O PÚBLICO tem publicado um excelente “dossier” sobre a Crise Climática, com entrevistas e artigos de qualidade. Uma das questões debatidas é saber até que ponto a alteração de comportamento individual é relevante para a solução de problemas globais, como as alterações climáticas. Por outras palavras, manter-se-á válido o famoso “think global act local”?

É inquestionável que um comportamento individual adequado é essencial para os problemas locais e regionais. Por exemplo, é impossível ter elevadas taxas de reciclagem de resíduos urbanos, com qualidade, sem a participação ativa e empenhada do cidadão – e há muito que fazer nessa área em Portugal. Mas, infelizmente, dada a magnitude dos problemas globais, é claro que a ação individual é insuficiente, e por vezes apenas marginal, para a solução dos problemas globais (Naomi Klein, The Guardian/PÚBLICO, 17/09/2019), por dois motivos fundamentais. Primeiro: a magnitude dos problemas não nos dá tempo a que uma significativa fração da população do Mundo altere as suas escolhas, de modo a que isso tenha efeito notório nos problemas globais – notar que a Europa, onde é forte a dinâmica de alteração comportamental, representa apenas 8% da população do Mundo; segundo: o crescimento futuro do consumo de recursos dar-se-á, sobretudo, em África e na Ásia onde, nalguns casos, é risível apelar a algumas alterações de comportamentos – como é que se vai explicar a vastas populações desses continentes que devem andar menos de automóvel e comer menos carne de criação intensiva, quando parte significativa dessas populações nunca teve automóvel e a sua dieta raramente inclui carne? (vide a excelente entrevista de Sunita Narain a Alexandra Prado Coelho em PÚBLICO, 23/09/2019).

Talvez seja isso que os recentes movimentos juvenis perceberam, quando hoje apelam a alterações nas políticas globais.

Escolhas e comportamentos individuais adequados mantêm-se essenciais à micro e à meso escala (gestão de resíduos, mobilidade e qualidade de vida nas cidades, por exemplo), mas à escala global precisa-se de novas e corajosas políticas globais. Tomando ainda o exemplo dos resíduos urbanos, um estudo recente do Banco Mundial (What a waste 2.0) mostra que, em 2016, o Mundo produziu mais de dois mil milhões de toneladas de resíduos urbanos, dos quais apenas 30% foram valorizados (13,5% reciclados, 11% em valorização energética e 5,5% em compostagem), os restantes 70% não tiveram qualquer valorização, foram simplesmente eliminados no solo (33% para lixeiras sem qualquer controlo), sendo responsáveis pela emissão de 1,6 mil milhões de toneladas de CO2 equivalente por ano (23 vezes as emissões totais de Portugal!).

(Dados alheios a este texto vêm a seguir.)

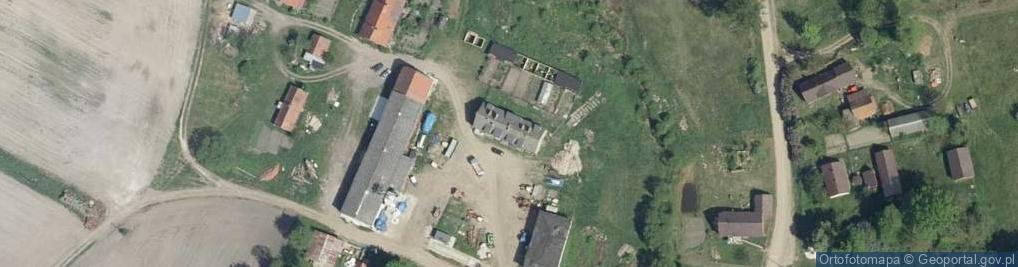 Zdjęcie satelitarne Hałdrychowice ul.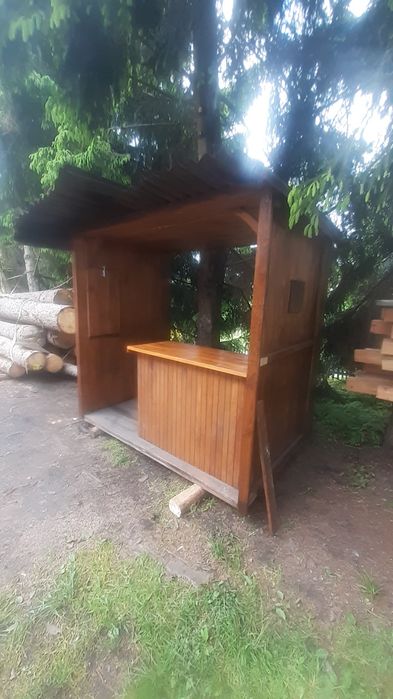 Domek handlowy pawilon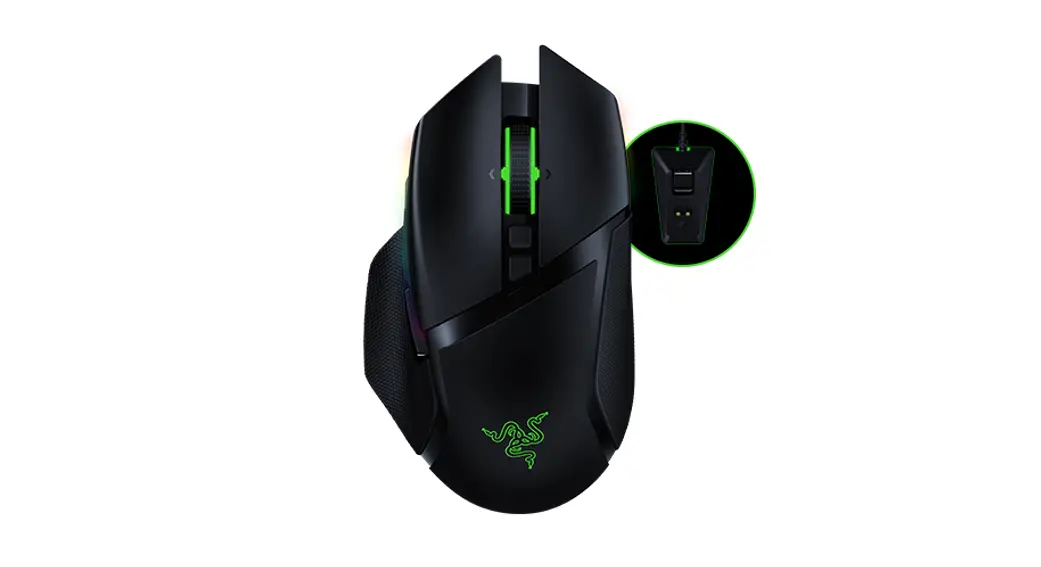 Razer Bluetooth Basilisk Ultimate Mouse User Guide
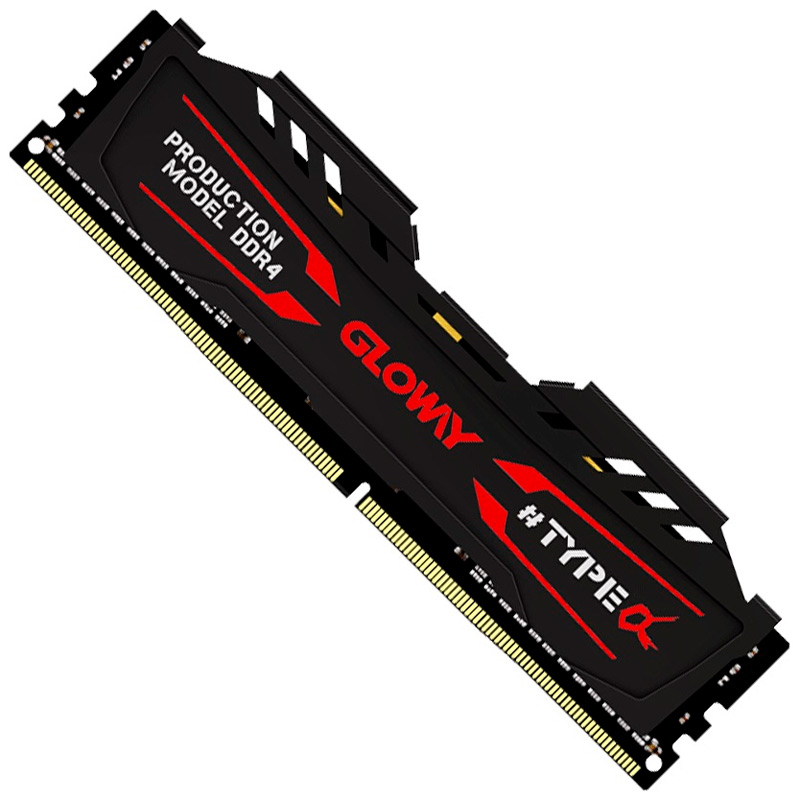 Gloway TYPE A DDR4 16GB 2666MHz CL19 Single Desktop RAM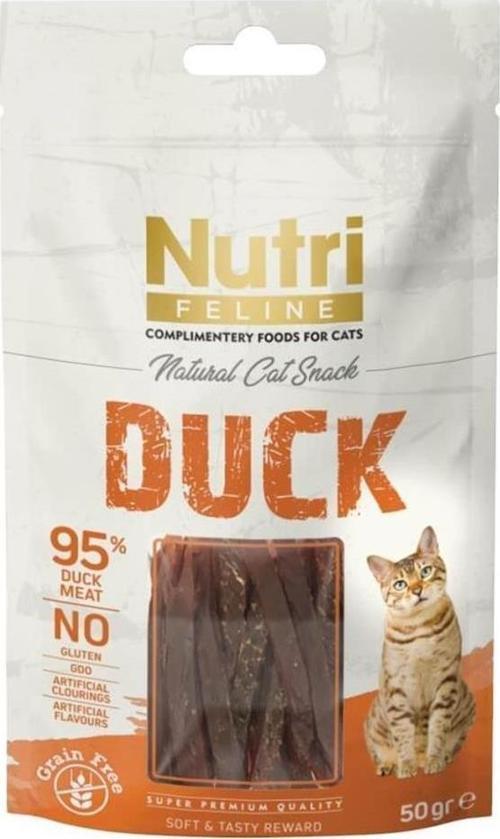 Duck Ördek Etli Tahılsız Kedi Ödülü 50 Gr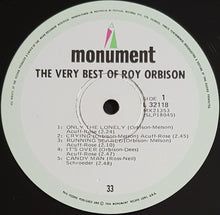 Load image into Gallery viewer, Roy Orbison - The Very Best Of Roy Orbison
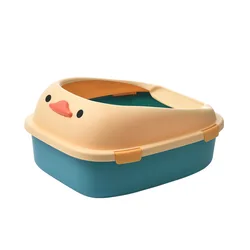 With filter  for dog automatic cleaning cat litter box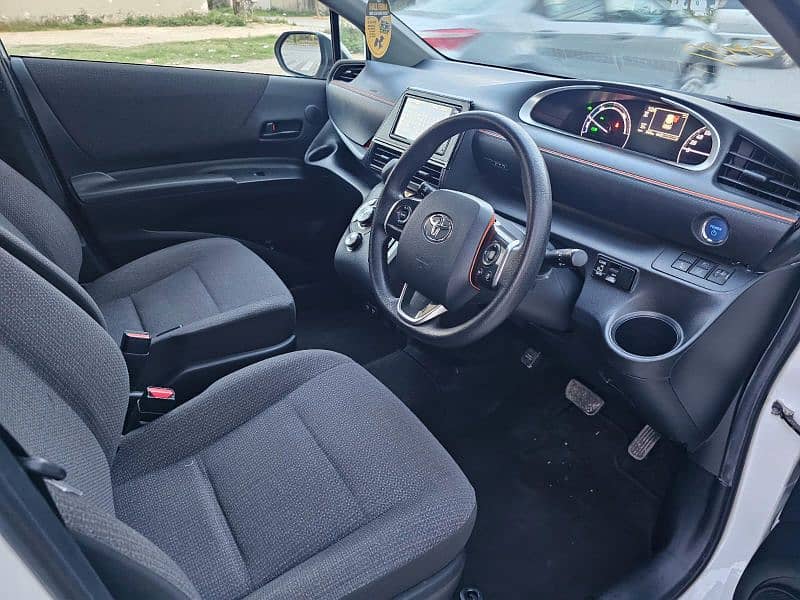 Toyota Sienta Hybrid G 2019 / 24, total genuine, 4 grade, sliding door 9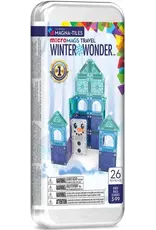 Magna-Tiles Magna-Tiles Winter Wonder Travel Set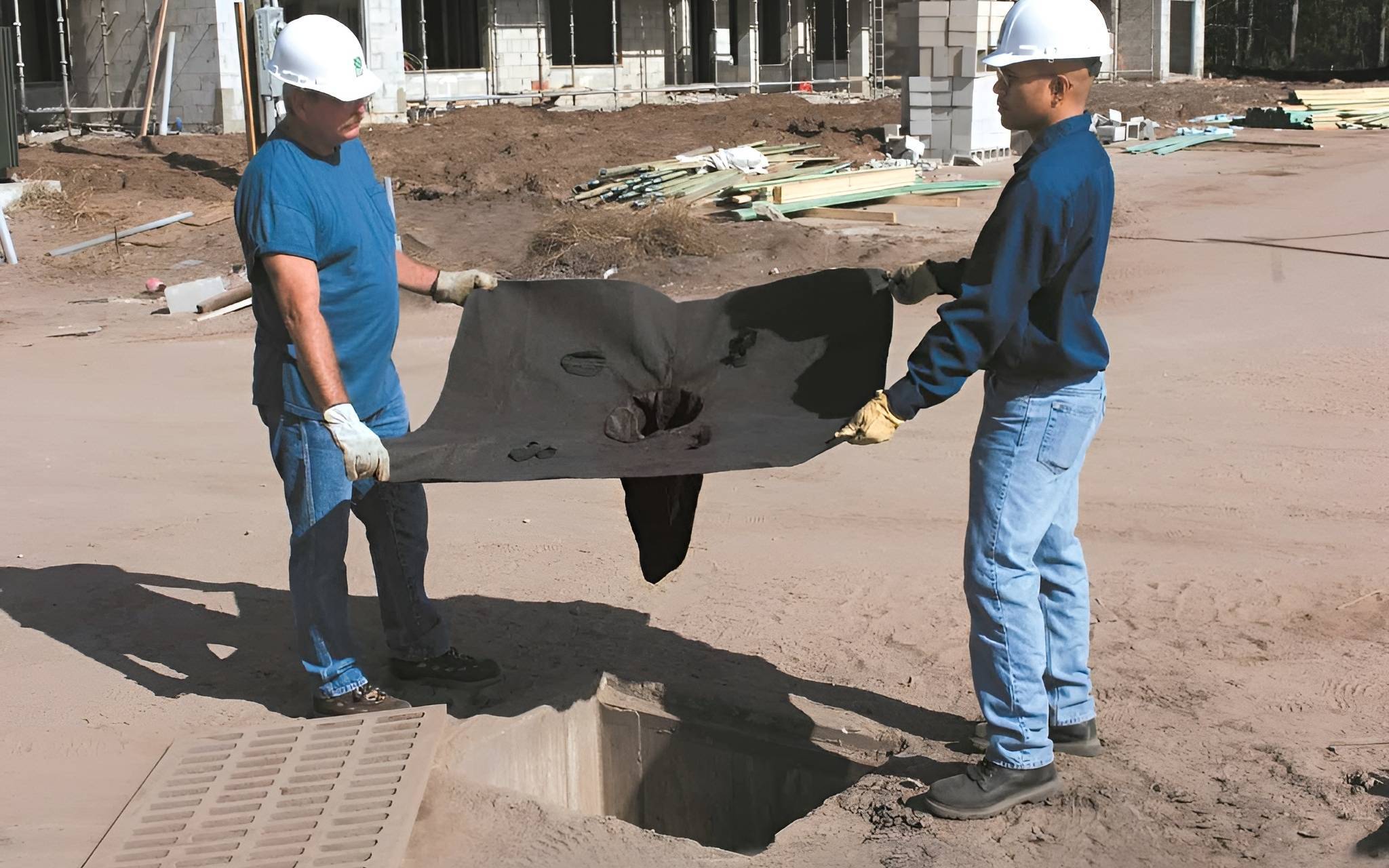 workers-installing-drain-guard-for-stormwater-inlet-protection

Um problema desta magnitude não é compatível com apelos à alteração de comportamento do cidadão, nem com visões do tipo “zero waste”, por muito simpáticas que possam parecer. Um problema desta magnitude exige políticas globais inteligentes e ambiciosas, nomeadamente: o fim do dumping ambiental associado à exportação de resíduos dos países ricos para os países pobres, a generalização da recolha higiénica de resíduos – apenas 39% dos resíduos são recolhidos, nos países de baixo rendimento (WB, 2018) –, o encerramento urgente das mega-lixeiras nos países pobres, em simultâneo com a criação de destinos finais adequados para os resíduos, particularmente estruturas de reciclagem de qualidade e desenvolvimento de unidades de valorização energética de resíduos, que permitam encerrar as lixeiras e produzir energia que substitua a produção de energia com combustíveis fósseis.

Este é apenas um de vários problemas ambientais relevantes, onde uma ação política global e determinada pode fazer a diferença, ao contrário de minudências ambientais, que tantas vezes se eternizam no debate público.

O famoso slogan “think global act local” precisa certamente de uma atualização, talvez algo do género: para problemas locais soluções locais, mas para problemas globais, soluções globais.